Given a $d$-dimensional (rational) convex polytope $P$ with vertices $v_1, \ldots, v_n$, I would like to compute many equally distributed points that lie in $P$. "Equally distributed" is of course not a precise term. It should just mean that points don't accumulate at some point in $P$ much more than at others (like they would be by doing a repeated barycentric subdivision, for example).

Now, there are two obvious solutions: First one is to just generate a lot of random points in the polytope. This can be done quickly with a software like Polymake. But the problem is that the coordinates have huge denominators which make subsequent computations very slow.

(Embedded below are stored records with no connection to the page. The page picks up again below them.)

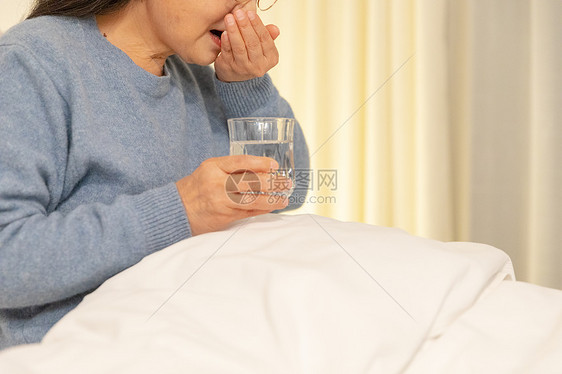 老年人躺床上喝水吃药特写图片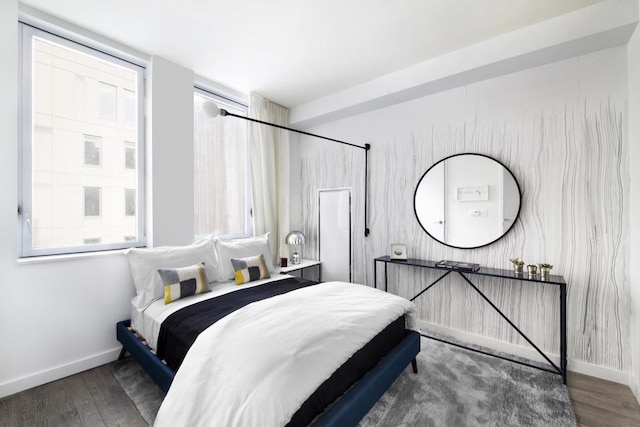 bedroom with dark wood-type flooring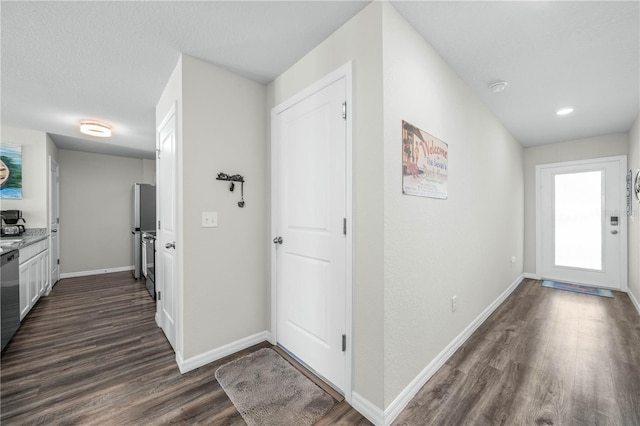 foyer entrance with dark wood-type flooring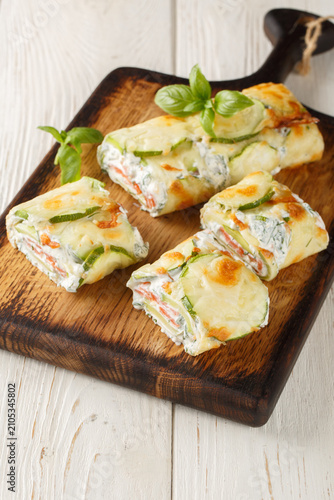 Baked Zucchini roll with cream cheese, herbs and salmon closeup on the wooden board on the table. Vertical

The second approach would be to generate coefficient vectors that sum up to $1$ and have entries $\geq 1/k$. The coefficients have small denominators but the algorithm would generate ${n-k-1 \choose k-1}$ coefficient vectors, while only a tiny fraction of them give distinct points in the polytope (at least for the polytopes I am interested in).

Are there any algorithms that do what I want efficiently with small denominators?

Answer 1

This is an answer just to record a solution to the problem.

Given the polytope, I triangulate it without introducing new vertices. Then I generate for each simplex in the resulting simplicial complex many points in the interior with my second approach. Every coefficient vector will give distinct points because the vertices of the simplices are affinely independent. To implement this solution one can use Sage together with TOPCOM, for example.

Depending on the chosen triangulation, the dimension and and number of vertices this solution can actually be quite inefficient.